(683h) Insights into the in-Situ Bronsted Acid Generation and Their Strength in WOx/Pt Nanocatalyst for Selective Glycerol Hydrodeoxygenation

WO_x/Pt is a widely used catalyst for the selective hydrodeoxygenation (HDO) of glycerol to 1,3 propanediol (1,3-PDO). Its selective C-O bond cleavage ability was attributed to the in-situ generated strong Bronsted acid sites on the WO_x clusters. However, the exact role of Bronsted acid and the need for finely dispersed Pt for high selectivity to 1,3-PDO is unclear. This computational investigation focuses on addressing some of these aspects. DFT simulations were performed using two catalyst models with the O₂W-O-WO₃ cluster: 1) 3 layer, 5x5 supercell of Pt(111), and 2) Pt(201) nanoparticle.

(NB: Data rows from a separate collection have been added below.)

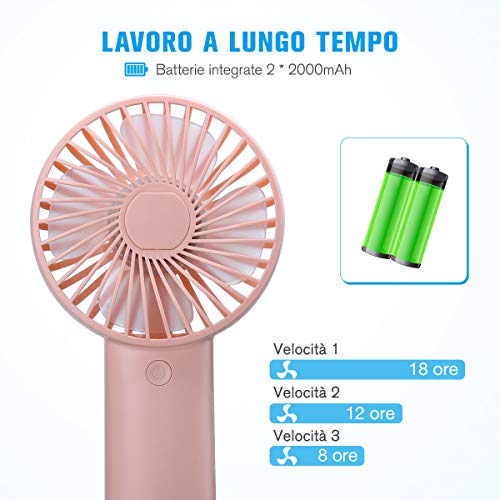 isYoung Mini Ventilatore Portatile-Ventilatore Portatile USB con Ventole Ricaricabili da 4000 mAh con 3 velocità di 8-18 Ore di Lavoro per i Viaggi in Ufficio a Casa All\'aperto-Rosa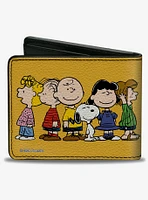 Peanuts Gang Close Up Group Pose Golden Bifold Wallet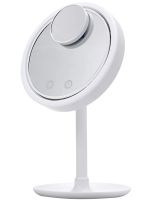 Кругле сенсорне дзеркало для макіяжу з вентилятором Beauty Breeze Mirror CM-062 настільне акумуляторне дзеркало з підсвічуванням і збільшенням біле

The protonation dehydration mechanism for the C-O bond cleavage involved the nearest proton from the WO_x cluster attacking the secondary hydroxyl to form water (ΔE_r=-79 kJ/mole) followed by hydrogenation from the Pt surface to form 1,3-PDO. An alternative pathway involved the formation of hydroxypropenol (ΔE_r =-20 kJ/mole), followed by formation of hydroxypropanal, which upon sequential hydrogenation forms 1,3-PDO. 1,3-PDO can also be formed from secondary C-O cleavage, with the O resulting from the cleavage oxidizing the WO_x cluster. By comparing the energetics of different mechanisms (Fig.1), the protonation dehydration mechanism is found to be energetically the most favourable. Activated H diffusion from Pt to the WO_x cluster had barriers of 55 to 80 kJ/mole and is energetically uphill (> 40 KJ/mole) making these the controlling steps in the Bronsted acid generation. Binding energy of NH₃ at Bronsted acid sites, a descriptor for acid strength, was between -62 and -96 kJ/mole at single coordinated OH sites while it was -114 to 120 kJ/mole in the double coordinated acid sites. Especially, the hydroxyls coordinated to undercoordinated Pt atoms led to the strong acid formation. These fundamental insights will help to design efficient catalysts and choose appropriate reaction conditions for optimum Bronsted acid sites for selective HDO.